Top of SOURCE MATERIAL

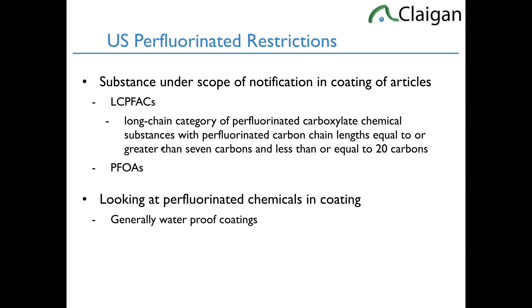The scope of the rule covers long-chain perfluorinated carboxylate chemical substances with perfluorinated carbon chain lengths equal to or greater than 7 and less than or equal to 20 carbons. There's a list of substances in the final rule, plus PFOA and PFOA salts. We do see PFOAs relatively often — sometimes in coatings, but more often as a residual ingredient in fluoropolymers like PTFE. The restriction here is not PTFE itself; it's only for coatings. So we're generally looking at waterproof coatings — a new restriction, the first of its kind in the US. We're going to see more of this: the US federally is going to have materials restrictions more like the Canadian prohibition or EU REACH restrictions.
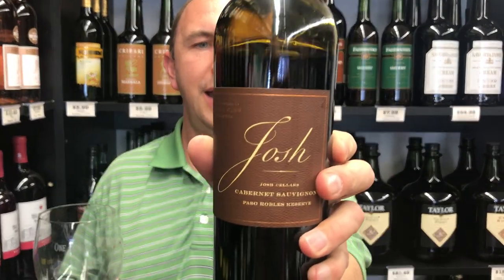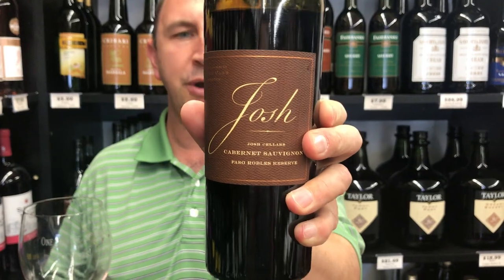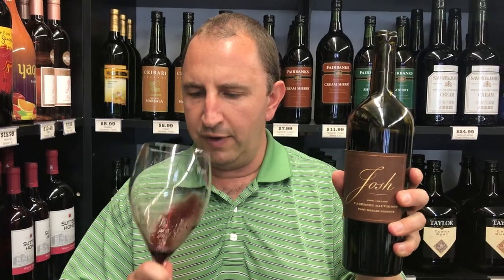Hi, welcome to One Minute of Wine. I'm Tim. Today I have Josh Cabernet. This is a reserve from Paso Robles. You might be familiar with Josh — the brand is pretty popular, especially their Cabernet. But this one is a higher tier, the reserve level.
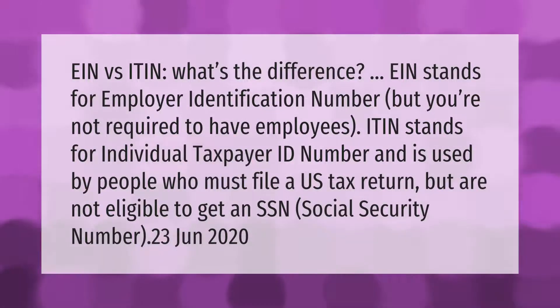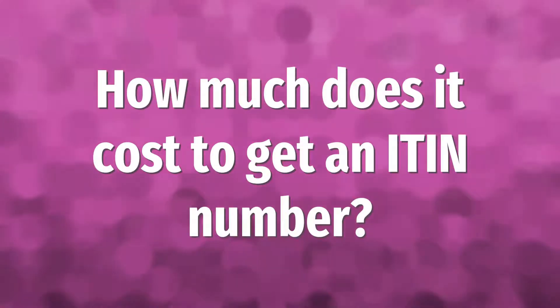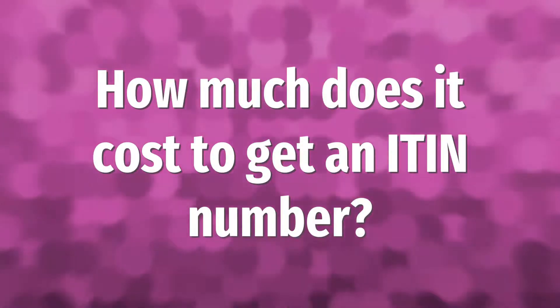EIN versus ITIN — what's the difference? EIN stands for Employer Identification Number, but you are not required to have employees. ITIN stands for Individual Taxpayer ID Number and is used by people who must file a U.S. tax return but are not eligible to get an SSN, Social Security Number.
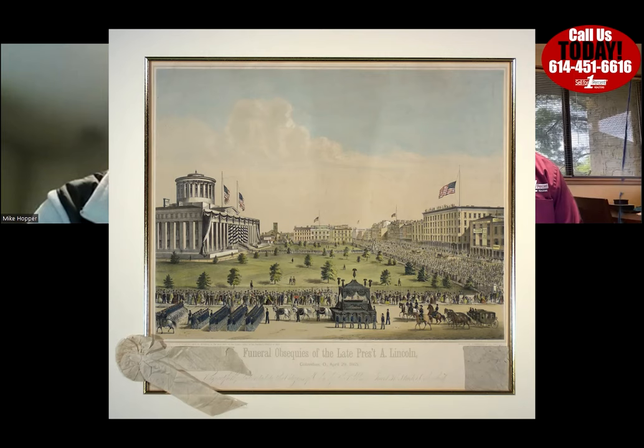One of the coolest things is that Fernando Kelton was such a respected abolitionist that he was a pallbearer for Abraham Lincoln's funeral when Lincoln's remains were brought through Columbus on their way to Illinois. They have his armband and ribbon that he wore, framed in the house.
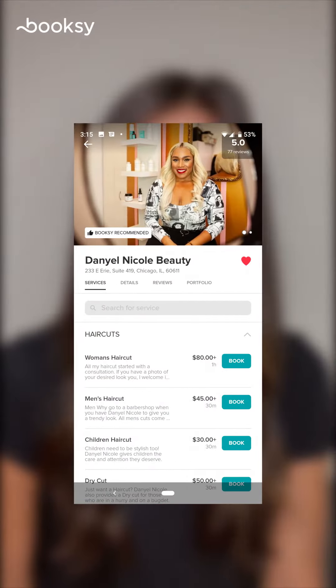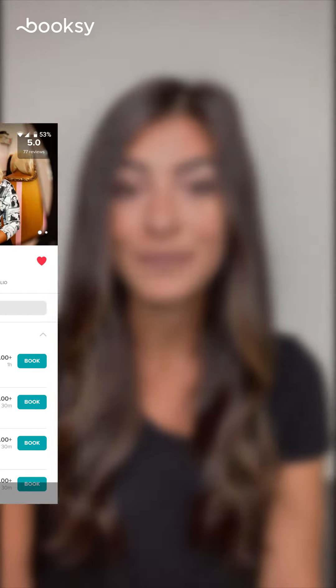Profile consultation. In this business, we know image is everything. We'll have our team of experts give your profile the makeover it deserves so it performs even better. This includes social media syncing, photo and description polishing.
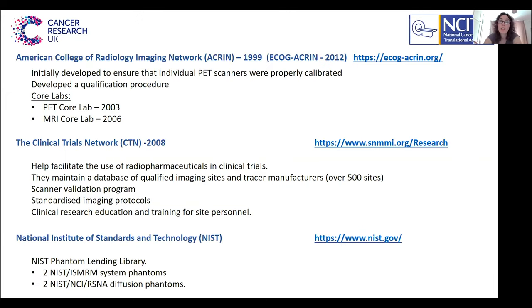Also in the US, the American College of Radiology Imaging Network was initially developed to ensure individual PET scanners were properly calibrated, then built a PET core lab in 2003 and an MRI core lab in 2006. The Clinical Trials Network established in 2008 has a scanner validation programme, standardised imaging protocols, and training for site personnel. Notably, it helps facilitate the use of radiopharmaceuticals in clinical trials by coordinating, standardising, and educating about the drug development process and how to obtain regulatory approval — something that would be really beneficial to have similarly in the UK. They maintain a database of qualified imaging sites and tracer manufacturers with over 500 sites registered.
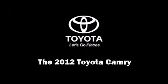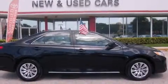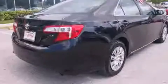Introducing the 2012 Toyota Camry. With less than 30,000 miles on the odometer, this four-door sedan prioritizes comfort, safety, and convenience.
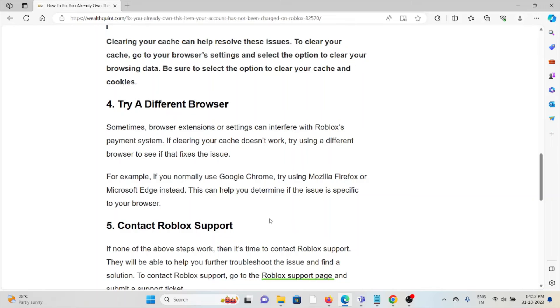The fourth method is to try a different browser. Sometimes browser extensions or settings can interfere with the Roblox payment system. If clearing the cache doesn't work, try using a different browser. For example, if you are using Google Chrome, try switching to Mozilla Firefox. If you are using Mozilla Firefox, try Google Chrome, Microsoft Edge, or Safari.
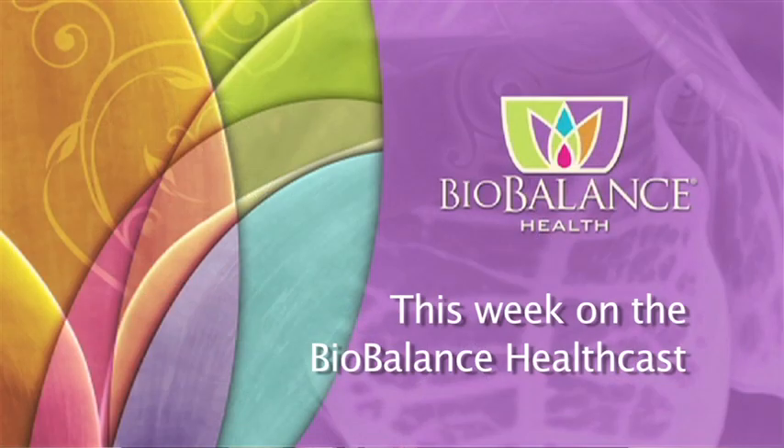Usually for women, we have them take half of the male dose every other day. The male dose is five milligrams — it's cheap and generic. The female dose is one milligram every day, but it's very expensive and it's not generic.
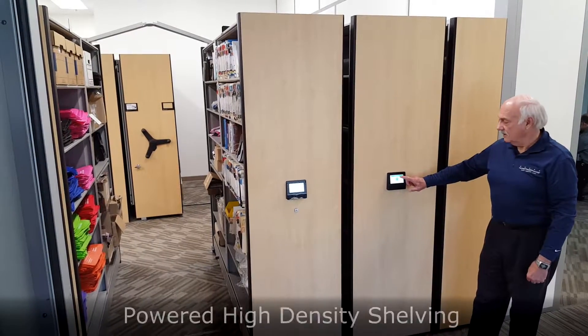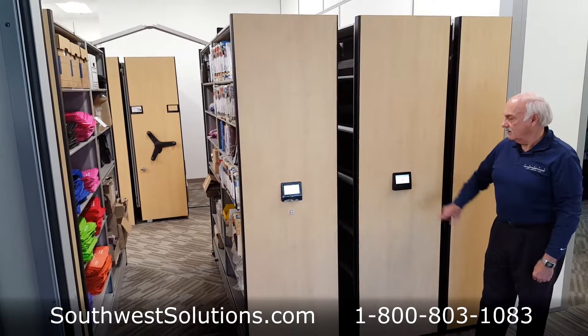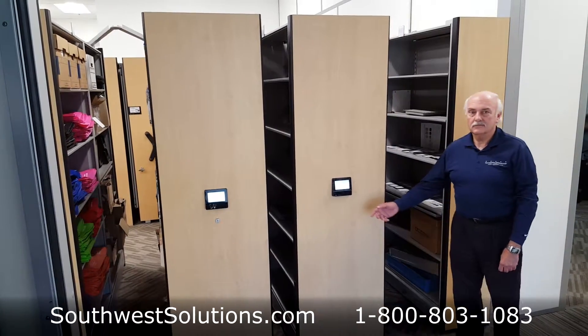Powered high-density shelving moves with the push of a button to compact your storage and save floor space. Multiple aisles can be moved at once, allowing quick and convenient access to stored items.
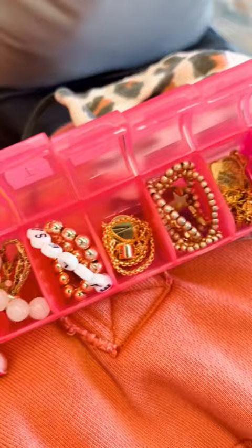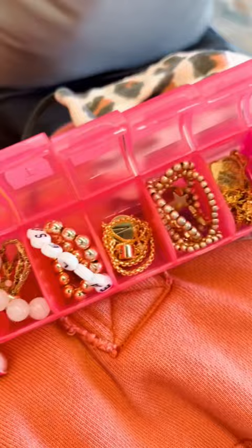This week, I'm sharing a tip that I learned off of Pinterest a few years ago, and it's something that I still do to this day. I grab a pill case to organize my jewelry while traveling. I typically will keep this in my carry-on. It helps keep my necklaces and bracelets from getting tangled.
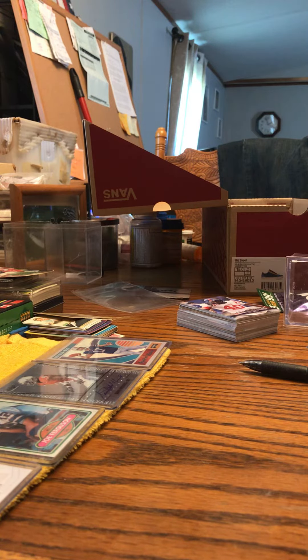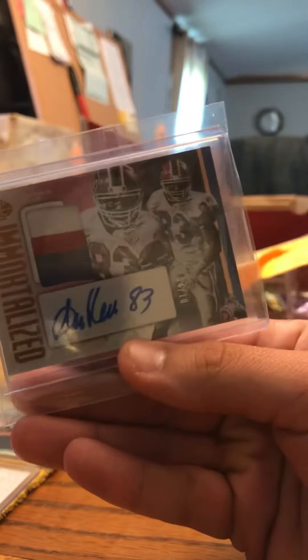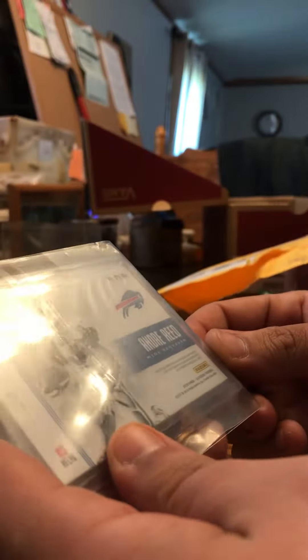What's up guys? Today I'm going to open up a new order I got. I'm not sure which one it is because I ordered a couple of cards online most recently off of eBay — a couple of Bills cards. I ordered a Josh Allen, Andre Reed, and a couple of other cards, but I'm not sure which one this is.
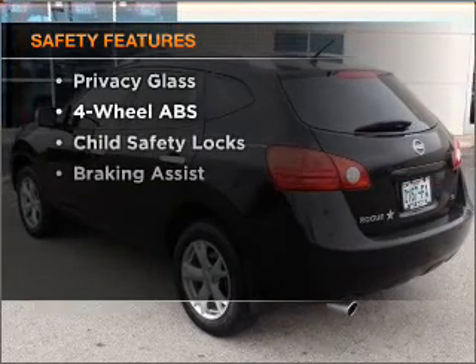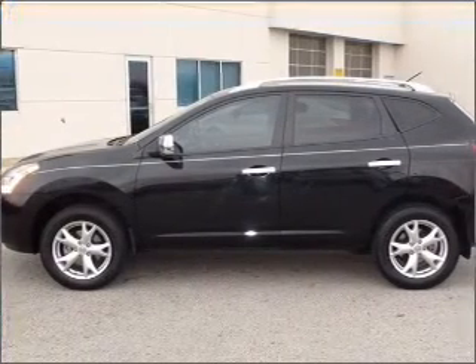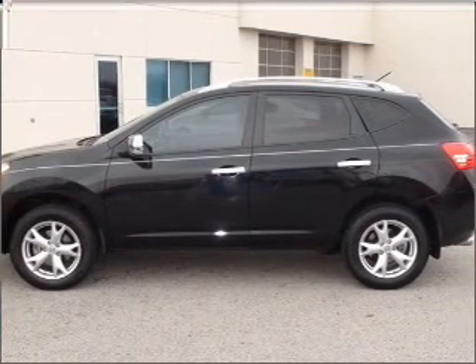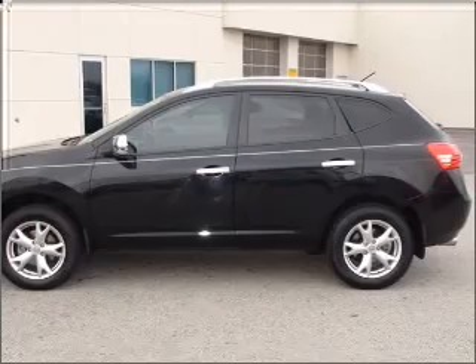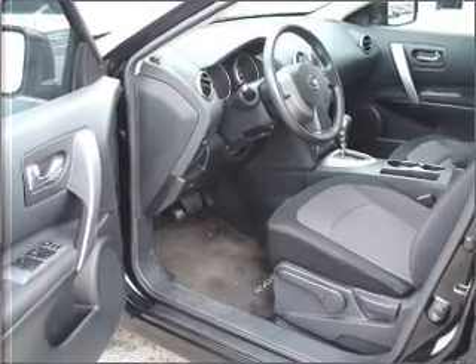If safety is a high priority, rest assured knowing that these top safety components are included: front ventilated disc brakes, passenger airbag, side airbag, curtain head airbags, stability control. Let us put you in the driver's seat today.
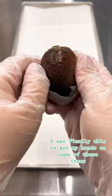Absolutely, you got it! Here's part two. Once I finally freeze-dried a few different delicacies, I was finally able to get my hands on some of these items. I've been looking for century eggs everywhere — finally got some.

Bottom of SOURCE MATERIAL

## YOUR GOAL
Whenever a line holds a picture, print that line without the picture. All other data must be output exactly.

## EXERCISE ANSWER
The scope of the rule covers long-chain perfluorinated carboxylate chemical substances with perfluorinated carbon chain lengths equal to or greater than 7 and less than or equal to 20 carbons. There's a list of substances in the final rule, plus PFOA and PFOA salts. We do see PFOAs relatively often — sometimes in coatings, but more often as a residual ingredient in fluoropolymers like PTFE. The restriction here is not PTFE itself; it's only for coatings. So we're generally looking at waterproof coatings — a new restriction, the first of its kind in the US. We're going to see more of this: the US federally is going to have materials restrictions more like the Canadian prohibition or EU REACH restrictions.
Hi, welcome to One Minute of Wine. I'm Tim. Today I have Josh Cabernet. This is a reserve from Paso Robles. You might be familiar with Josh — the brand is pretty popular, especially their Cabernet. But this one is a higher tier, the reserve level.
EIN versus ITIN — what's the difference? EIN stands for Employer Identification Number, but you are not required to have employees. ITIN stands for Individual Taxpayer ID Number and is used by people who must file a U.S. tax return but are not eligible to get an SSN, Social Security Number.
One of the coolest things is that Fernando Kelton was such a respected abolitionist that he was a pallbearer for Abraham Lincoln's funeral when Lincoln's remains were brought through Columbus on their way to Illinois. They have his armband and ribbon that he wore, framed in the house.
Profile consultation. In this business, we know image is everything. We'll have our team of experts give your profile the makeover it deserves so it performs even better. This includes social media syncing, photo and description polishing.
Also in the US, the American College of Radiology Imaging Network was initially developed to ensure individual PET scanners were properly calibrated, then built a PET core lab in 2003 and an MRI core lab in 2006. The Clinical Trials Network established in 2008 has a scanner validation programme, standardised imaging protocols, and training for site personnel. Notably, it helps facilitate the use of radiopharmaceuticals in clinical trials by coordinating, standardising, and educating about the drug development process and how to obtain regulatory approval — something that would be really beneficial to have similarly in the UK. They maintain a database of qualified imaging sites and tracer manufacturers with over 500 sites registered.
Introducing the 2012 Toyota Camry. With less than 30,000 miles on the odometer, this four-door sedan prioritizes comfort, safety, and convenience.
The fourth method is to try a different browser. Sometimes browser extensions or settings can interfere with the Roblox payment system. If clearing the cache doesn't work, try using a different browser. For example, if you are using Google Chrome, try switching to Mozilla Firefox. If you are using Mozilla Firefox, try Google Chrome, Microsoft Edge, or Safari.
Usually for women, we have them take half of the male dose every other day. The male dose is five milligrams — it's cheap and generic. The female dose is one milligram every day, but it's very expensive and it's not generic.
Powered high-density shelving moves with the push of a button to compact your storage and save floor space. Multiple aisles can be moved at once, allowing quick and convenient access to stored items.
This week, I'm sharing a tip that I learned off of Pinterest a few years ago, and it's something that I still do to this day. I grab a pill case to organize my jewelry while traveling. I typically will keep this in my carry-on. It helps keep my necklaces and bracelets from getting tangled.
What's up guys? Today I'm going to open up a new order I got. I'm not sure which one it is because I ordered a couple of cards online most recently off of eBay — a couple of Bills cards. I ordered a Josh Allen, Andre Reed, and a couple of other cards, but I'm not sure which one this is.
If safety is a high priority, rest assured knowing that these top safety components are included: front ventilated disc brakes, passenger airbag, side airbag, curtain head airbags, stability control. Let us put you in the driver's seat today.
Absolutely, you got it! Here's part two. Once I finally freeze-dried a few different delicacies, I was finally able to get my hands on some of these items. I've been looking for century eggs everywhere — finally got some.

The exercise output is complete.